Seng Sothea, the entrepreneurial chef behind Hot Stone Café and Palate Angkor, opened his new restaurant Mahob on July 15. The eatery, off Vithea Charles de Gaulle just up from Mie Café promises healthy and innovative Khmer cuisine.
“Cooking and food has always been my passion,” says chef-owner Seng. “I want to develop Siem Reap city into a food destination for Asia, like Bangkok or Bali.”
Mahob, meaning ‘food’ in Khmer, will serve Cambodian fare with an emphasis on unusual and healthy ingredients.
“It will be Khmer food but I’m planning to use a lot of new techniques to improve and lift up our local cuisine to the next level,” says Seng. “You’ll see a lot of creative, modern Khmer dishes on the menu but the food won’t just fill you up – it’s also going to be good for your health, for example I try to avoid using too much oil. It will be casual dining with a little bit of a modern touch.”
Signature dishes will include some surprises.
“I have some unique dishes,” he says. “For an appetiser I have mousse made with river prawn. I’ll mix it with some local ingredients like lemongrass, garlic, fresh shallots. Then I’ll put it on the lemongrass itself so the lemongrass becomes the skewer.
“Also I’ll have bitter melon soup with fresh market fish balls. Because our country is rich with local fish, we often produce fish balls or fish mousse. I take the fish flesh, mix it with bitter melon which is very good for you, and it becomes a soup.
“I plan to use a lot of famous local ingredients like passion fruit and Kampot green pepper. For example I’m going to make a modern Khmer salad with yellowfin tuna steak – the key ingredient is the tuna and roasted rice flakes and then I add some shallots, fresh mint and green peppercorns which enhance the flavour.

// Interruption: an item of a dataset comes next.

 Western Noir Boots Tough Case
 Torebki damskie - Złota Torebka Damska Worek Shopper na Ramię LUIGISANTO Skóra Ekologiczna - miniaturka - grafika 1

It’s very healthy.”
Certain items like tuna will be imported, but in general ingredients will be locally-sourced as much as possible.
The restaurant is in a traditional Khmer house which Seng has faithfully restored, including unusual features such as a leaf roof with leaves sourced from the Kulen mountain area. Customers can eat in the upstairs wooden lounge or the ground floor air-conditioned dining-room.
There is also a lush garden where al fresco dining is available amongst lotus ponds, bulrushes and hammocks. Seng says he designed the garden to look like the countryside where he grew up, of which he has fond memories.
The layout of the restaurant gives diners seating options.
“If diners just want a drink or a small bite, they can relax on the cosy grass area on comfortable chairs and beds under the leaf roof, or they can choose from the two main dining-areas inside,” he says.
Mahob is also a restaurant with a heart. Most of the staff will be supplied by NGO Egbok Mission, which trains underprivileged young adults to work in the hospitality industry.
“They bring poor students from the countryside to train,” says Seng. “I am happy to help young Cambodian people to be able to have an occupation and also help the whole country, this is our main idea. I was born into a farming family as well so I understand it.”
There will be a 30 per cent opening discount until the end of July.
Busy Seng is already working on his next project – a four-room hotel adjacent to Mahob which will be called Room at Mahob. The hotel is due to open next year.